■ **Brief**
Write out the listing from the line with "Appartement à SOLLIES-PONT" to the line with "VW TAYRON BOCZEK", both lines included, exactly and nothing beyond. Leave pictures out.

■ **Material for this exercise**
◆ ◆ ◆ ◆ ◆

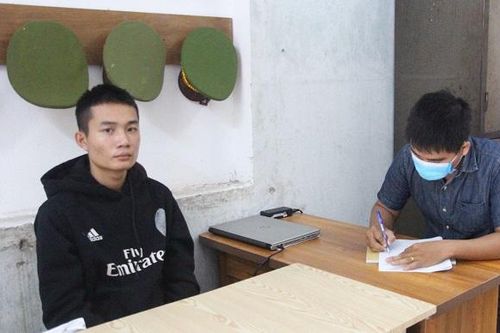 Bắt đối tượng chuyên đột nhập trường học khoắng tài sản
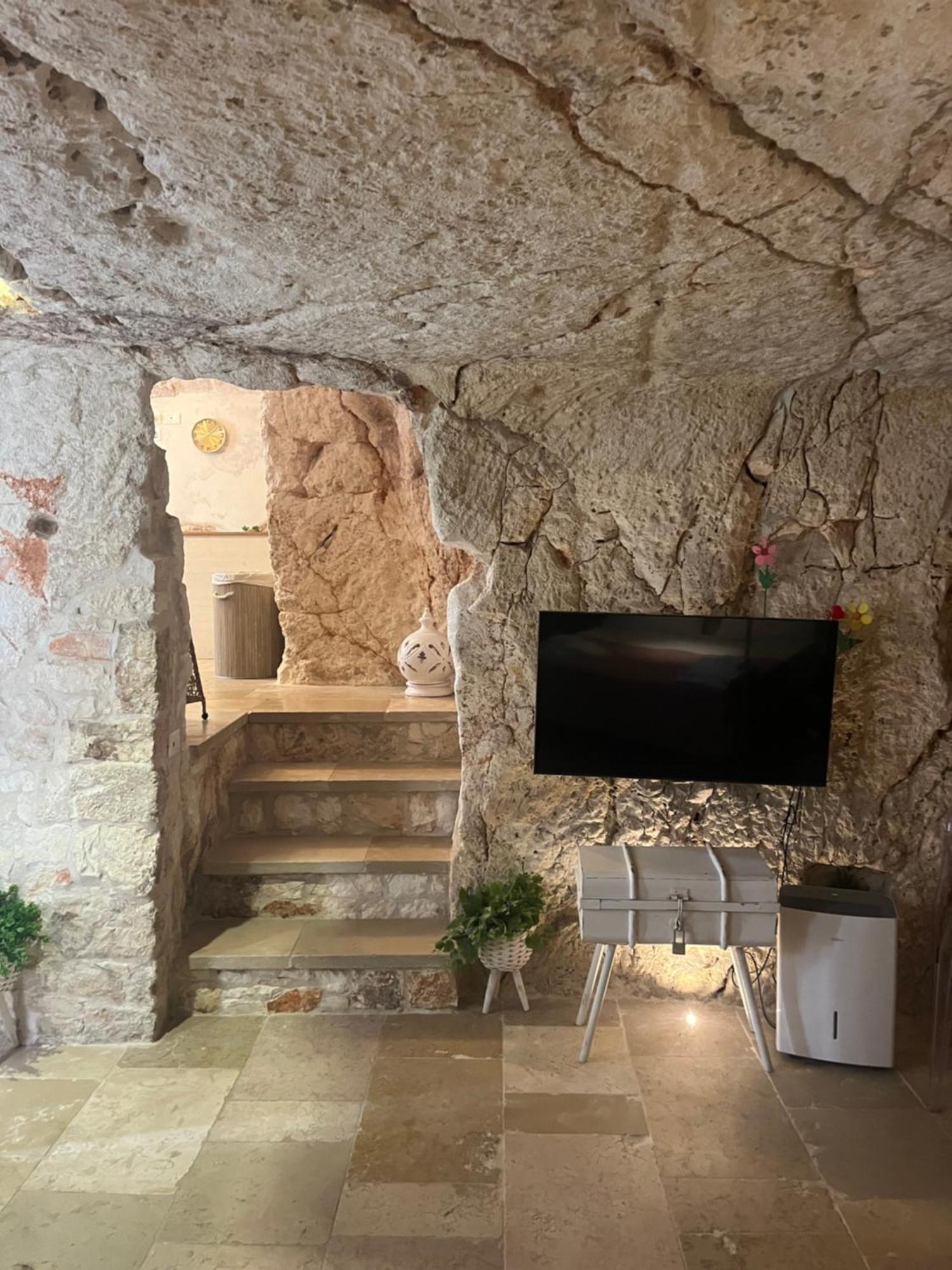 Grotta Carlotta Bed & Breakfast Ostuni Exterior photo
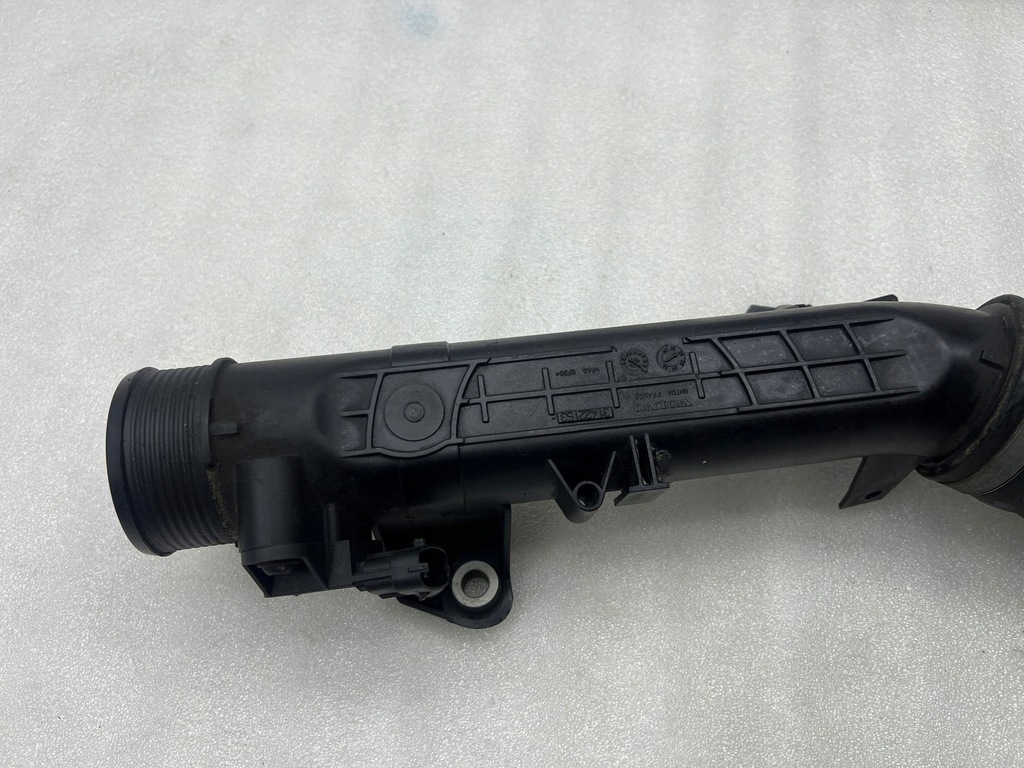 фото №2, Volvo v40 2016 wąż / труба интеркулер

◆ ◆ ◆ ◆ ◆

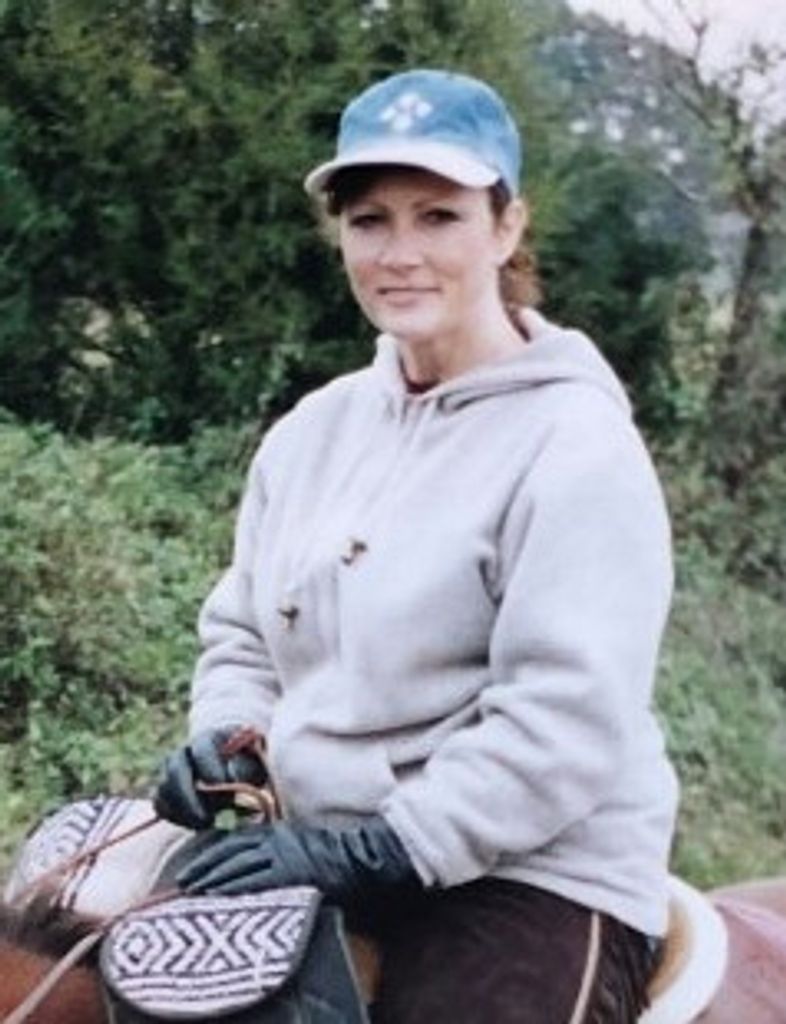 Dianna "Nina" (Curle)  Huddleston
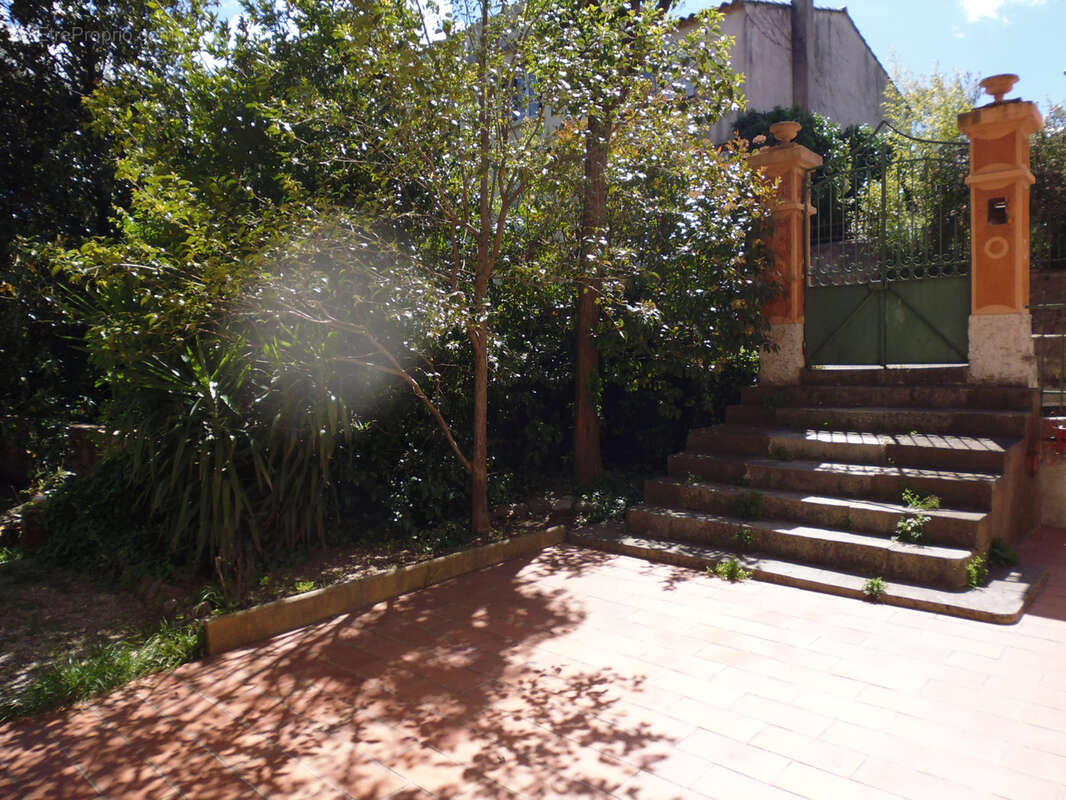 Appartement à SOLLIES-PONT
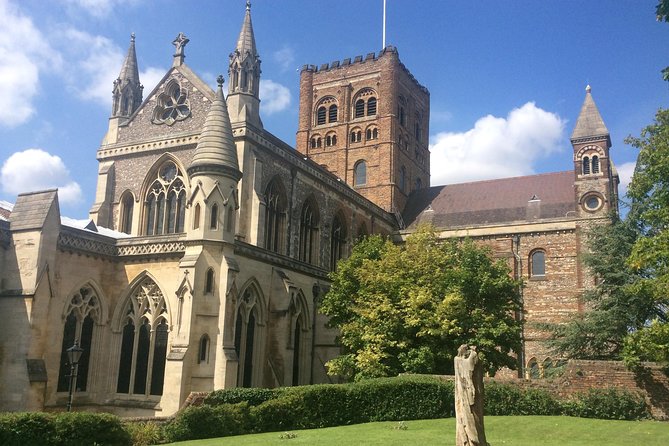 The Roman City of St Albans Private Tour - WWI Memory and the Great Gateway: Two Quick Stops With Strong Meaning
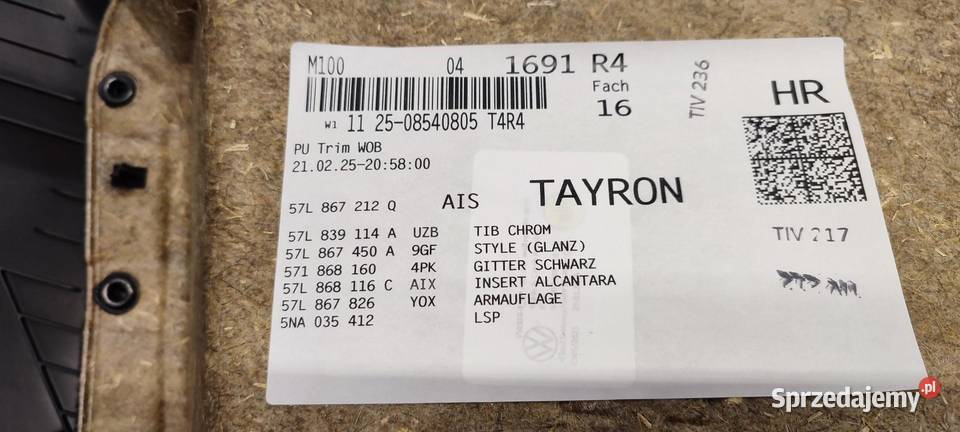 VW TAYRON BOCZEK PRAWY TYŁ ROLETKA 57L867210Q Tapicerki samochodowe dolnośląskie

◆ ◆ ◆ ◆ ◆

■ **Written response**
 Appartement à SOLLIES-PONT
 The Roman City of St Albans Private Tour - WWI Memory and the Great Gateway: Two Quick Stops With Strong Meaning
 VW TAYRON BOCZEK PRAWY TYŁ ROLETKA 57L867210Q Tapicerki samochodowe dolnośląskie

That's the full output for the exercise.